Doing the Best With Jose Valverde

All offseason long, the Detroit Tigers denied interest in re-signing free-agent closer Jose Valverde. Every other team in baseball also effectively denied interest in signing Valverde. The Tigers did next to nothing to address their closer situation, and on Wednesday, Phil Coke blew a save against the Twins. Thursday, the Tigers signed Valverde, albeit to a minor-league contract with an early-May opt out. There have been, I think, two primary responses:

(1) It’s a minor-league contract so it’s utterly risk-free — if Valverde doesn’t earn a big-league job, he won’t be given a big-league job. What’s the harm?

(2) The Tigers won’t be able to help themselves. Valverde isn’t what he was, but it won’t be long before he’s closing again for Detroit, and possibly costing them games. He’s “proven”, he’s familiar, he’s still thought of as a closer despite everything. This is how it starts.

You know where the truth probably is? The truth is probably in between those two things, as it just about always is when you’re dealing with perceived blacks and whites. Blacks and whites tend to be extreme outlooks, and results tend not to be extreme. Anyhow, this is basically just a month-long trial. Dave Dombrowski hardly conveyed that Valverde’s a big-league guarantee. This only got done because Valverde finally dropped his demands. Or Scott Boras finally dropped his demands, whichever. But a lot of people within the Tigers organization like the idea of having an established closer on what’s going to be a contending team, and it was just two years ago with Detroit that Valverde didn’t blow a single save. There’s going to be internal pressure to bring Valverde up, so this isn’t a minor-league contract like just any other minor-league contract. This one comes with other considerations.
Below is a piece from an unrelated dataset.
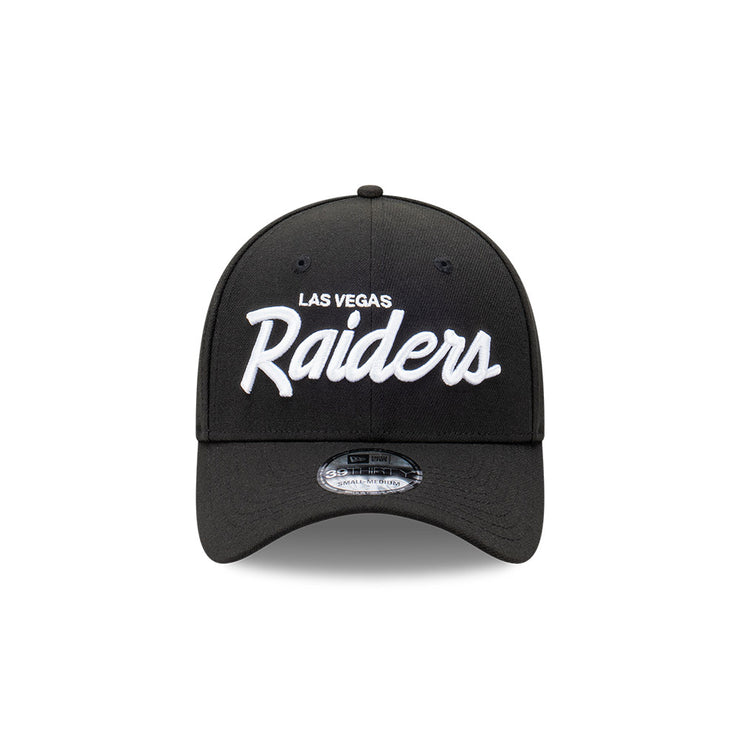 New Era 39Thirty NFL Las Vegas Raiders Script Black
Four games. It’s funny how much can be made of four games, especially when they take place in the playoffs. Valverde’s postseason meltdown last October was stunning and historic, and it probably cost him a lot of money. People are going to have trouble shaking that image of Valverde coughing up hits left and right with the stakes at their highest. But then, the postseason before, Valverde allowed six runs and 14 baserunners in six appearances, and less was made of his struggles. Granted, that led right into Valverde’s inconsistent 2012. But with regard to the 2012 playoffs, Valverde pitched in four games and faced 20 batters. During the regular season, he was better in the second half than he was in the first. How meaningful was that October, really?

But Valverde’s performance was down in the regular season, too, if considerably less so. He lost a quarter of his strikeouts and a fifth of his grounders. He had problems against lefties and he allowed more frequent contact than Rick Porcello. He lost the feel for his splitter. Valverde wasn’t a bad reliever. He doesn’t project as a bad reliever. He just hasn’t looked like a closer, and his October further devastated his market.
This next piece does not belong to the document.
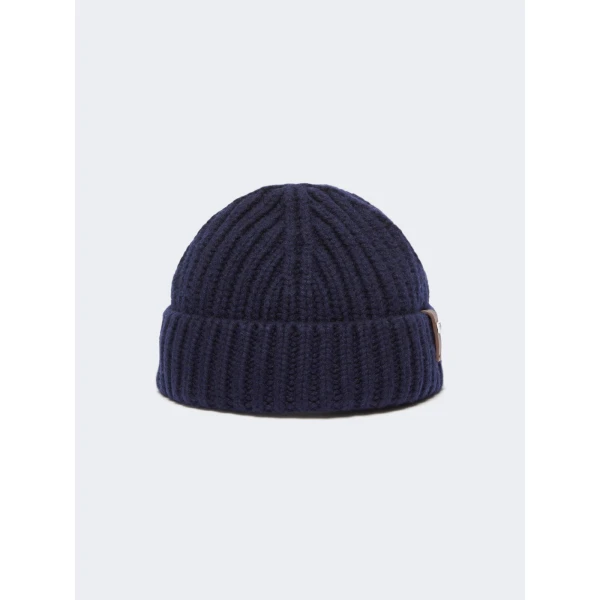 Max Mara Pietre Cashmere Docker Hat in Ultramarine | Hats | Coveti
It’s significant that, for a while, the Tigers made no strong effort to bring Valverde back. And not because they had their sights set on some other proven stopper — they intended to roll with an untested rookie, who’s presently down in the minors because he can’t pitch to lefties, either. The Tigers know the most about Jose Valverde, and they didn’t want him back at anything bigger than this virtually no-cost arrangement. It’s evident that the most powerful people within the organization are down on Valverde’s future, since it would’ve been otherwise easy to justify his return.

Now consider that you’re Scott Boras, trying to sell Valverde to potentially interested front offices. More than ever, teams are backing off the idea of needing a “proven closer”. More than ever, teams are intelligent, so while Valverde would’ve wanted to find a closer job, those haven’t really been available, especially to him. Boras started by looking for some millions of dollars, and only late Wednesday, or early Thursday, did Boras and Valverde express a willingness to take a minor-league deal. That was the key for the Tigers, and it’s of interest that Boras left Dombrowski a message shortly after Coke blew the save. Boras is no idiot when it comes to finding his clients the right homes.

That the demands dropped so far down suggests that no good Valverde market really developed. That would hardly be a surprise. But now look where we are. It would be easy to interpret this as Boras getting desperate, and there would’ve been some element of desperation, I’m sure. But, for one thing, the Tigers are supposed to be good, so they’re not going to want to tolerate any slip-ups. The Tigers don’t have a proven closer on the roster, and their closer prospect has command and platoon problems. Most experiments with mix-and-match closer solutions end up with designated individual closer solutions. Now Valverde has been re-introduced to the organization, and because he’s so familiar, he’s going to have people in his camp. People who remember everything he’s done for the Tigers, people who won’t look at this only objectively. In the big leagues, the Tigers don’t have a closer. In the minors, now, they’ll have their most recent closer, and there will be some degree of pressure to put him back.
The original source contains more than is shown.